Fue entonces cuando descubrí una de las verdades primordiales de la
existencia: “Puede que sobrevivas metido en una sauna con 100 cretinos, pero
hacer un viaje en autocar con 50 es una muerte segura”.
¿Os acordáis de esos putos viajes? Quizá fuera el efecto de someter sus
cerebros a una velocidad media de 60 kilómetros por hora, estar rodeados de
mochilas con olor a mortadela, o la vibración continuada del asiento bajo
sus pelotas, pero el viaje en autocar los transformaba en bestias
despiadadas, ávidas de destrozar mi cerebro con sus rituales rítmicos
populares.
Había una canción de sardinas con la acertada frase de “ala chi chi chi chi
guagua, ala gua gua gua gua chichi” que pegaba muy fuerte por entonces.

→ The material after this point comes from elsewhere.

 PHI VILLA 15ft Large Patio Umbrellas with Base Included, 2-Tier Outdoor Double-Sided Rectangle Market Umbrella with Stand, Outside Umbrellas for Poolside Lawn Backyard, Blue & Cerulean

Al
final tenías que acabarla con el nombre de alguno de los miembros del circo
escolar para que ése la cantase, generalmente la chica o el chico que te
gustaba.
Era delicioso pasarse 8 horas mirando los chicles pegados en el asiento de
delante y escuchando aquella excitante antología de la canción absurda y
comprometedora.
Luego estaba el grupo de los mayores, del que acabé formando parte años
después, porque eran los que habían repetido curso continuamente. Estos se
dividían en varios subgrupos, pudiendo intercambiar características entre
unos y otros a lo largo del viaje:
-Jugadores de naipes y desencantados: Eran los que ya tenían barba cerrada
cuando tú sólo tenías pelusa debajo de la nariz. Comedores compulsivos de
pipas y escupidores natos, eran capaces de formar montoncitos de basura
orgánica con formas divertidas y desenfadadas, como la silueta del Che, o la
de Michael Landon en Bonanza. Se pasaban todo el viaje jugando a las cartas,
siendo capaces de mantener al mismo tiempo esa enigmática expresión de
gilipollas meditabundo que tanto intrigaba a las profesoras. Encabezaba la
lista de juegos el entrañable mus, pero no era difícil verlos jugar a otra
de las cerca de 6000 formas que tenían de pasar 8 horas en trance mirando
unas cartulinas con personajes de El Príncipe Valiente.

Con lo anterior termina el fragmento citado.